In the last three years, the Company has issued and sold the following
securities (as adjusted to reflect two-for one reverse stock splits effected on
March 26, 1996 and May 13, 1997):

1.    On May 11, 1996 and June 11, 1996 (the "Closing Dates"), the Company
      consummated a private placement of an aggregate amount of approximately
      $25,800,000 of shares ("Units") of Series B Preferred Stock and Common
      Stock (the "Series B Offering"). The issuance of the above referenced
      securities was deemed to be exempt from registration under the Act in
      reliance on Section 4(2) thereof and Rule 506 of Regulation D promulgated
      thereunder.

      The offer and sale of Units were conducted through the Company's Placement
      Agent (as defined below). In offering the Units, the Placement Agent
      confined its actions to activities sanctioned by Regulation D and did not
      engage in any form of general advertising or general solicitation in
      offering the Units. All investors of the Units represented to the Company
      that they were accredited investors and the Company believed that such
      investors were accredited investors. The Closing Dates were the only dates
      that the Company sold Units, and the Company timely filed a Form D (or
      amended Form D, as the case may be) on each of the Closing Dates. Each of
      the purchasers of the Units represented their intentions to acquire the
      securities for investment only and not with a view to, or for sale in
      connection with, any distribution thereof and appropriate legends were
      affixed to the share certificates issued in such transactions. The
      purchasers in such offering of Units were all the Selling Securityholders
      listed as such in the Registration Statement except for James D.
      Wolfensohn, Seymour Buehler and William J. Vanden Heuvel who are included
      in the list of selling Shareholders because of their ownership of shares
      of Common Stock issued upon exercise of Bridge Placements Warrants being
      registered hereby, and, employees of Paramount that are not included in
      the Registration Statement notwithstanding their purchase of units in the
      Series B Offering.

2.    In connection with services rendered by Paramount Capital, Inc., as
      placement agent in the offering (the "Placement Agent"), the Company
      issued to the Placement Agent or its designees warrants to purchase an
      aggregate of approximately 25,820 shares of Series B Preferred Stock. The
      issuance of the above referenced securities was deemed to be exempt from
      registration under the Act in reliance on Section 4(2) thereof and Rule
      506 of Regulation D promulgated thereunder. Each of such recipients had
      the sophistication, knowledge and experience in financial matters as to be
      capable of evaluating the merits and risks of its investment in the
      Company, and had access to information, and the opportunity prior to its
      investment to ask questions of and receive answers from representatives of
      the Company, in each case concerning the finances, operations and


                                      II-2
<PAGE>

      business of the Company. In addition, the recipients of securities in each
      such transaction represented their intentions to acquire the securities
      for investment only and not with a view to or for sale in connection with
      any distribution thereof and appropriate legends were affixed to the
      certificates issued in such transactions.

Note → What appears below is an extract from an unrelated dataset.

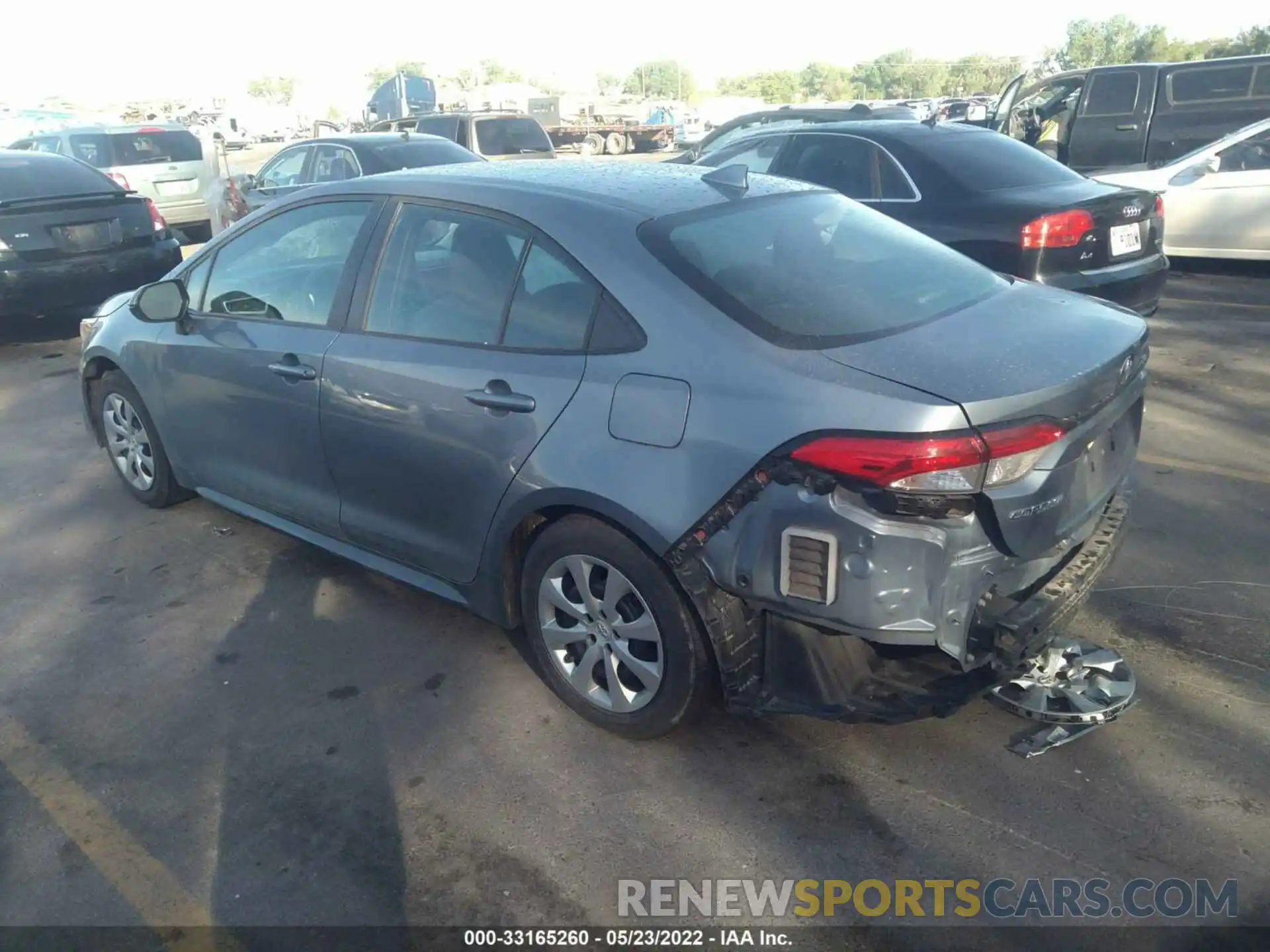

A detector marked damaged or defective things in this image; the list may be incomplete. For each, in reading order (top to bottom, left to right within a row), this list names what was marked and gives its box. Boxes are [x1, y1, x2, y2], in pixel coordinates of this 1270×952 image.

3.    On November 20, 1995, the Company entered into a License Agreement (the
      "TJU License Agreement') with Thomas Jefferson University ("TJU") pursuant
      to which TJU licensed to the Company certain patent and patent
      applications relating to a process for the modification of a patient's own
      tumor cells into a cancer vaccine (the "TJU License"). Pursuant to the TJU
      License Agreement, the Company issued 229,121.5 shares of Common Stock to
      each of TJU and Dr. David Berd, TJU's chief oncologist and the inventor of
      its cancer vaccine. In the stock subscription agreements ("Subscription
      Agreements") entered into by the Company, TJU and Dr. Berd on November 20,
      1995, relating to the issuance of Common Stock to each of TJU and Dr.
      Berd, each of TJU and Dr. Berd represented, among other things, to the
      Company, and the Company believed, the following: that (i) it acquired the
      Common Stock for investment purposes only and not for resale for an
      indefinite period of time for its own account; (ii) it had such
      sophistication, knowledge and experience in financial and business matters
      as to be capable of evaluating the merits and risks of its investment in
      the Company; (iii) it had the ability to bear the economic risks of its
      investment for an indefinite period of time and could afford a complete
      loss of its investment; and (iv) it had access to information, and the
      opportunity prior to its purchase of the Common Stock to ask questions of
      and receive answers from representatives of the Company, in each case
      concerning the finances, operations and business of the Company. Also, as
      stated in the Subscription Agreements, the share certificates issued in
      connection with the above issuance of Common Stock had endorsed thereon
      legends regarding restrictions on the transfer of the Common Stock.
      Because of, among other things, the foregoing, the issuances of the above
      referenced securities was deemed to be exempt from registration under the
      Act in reliance on Section 4(2) thereof.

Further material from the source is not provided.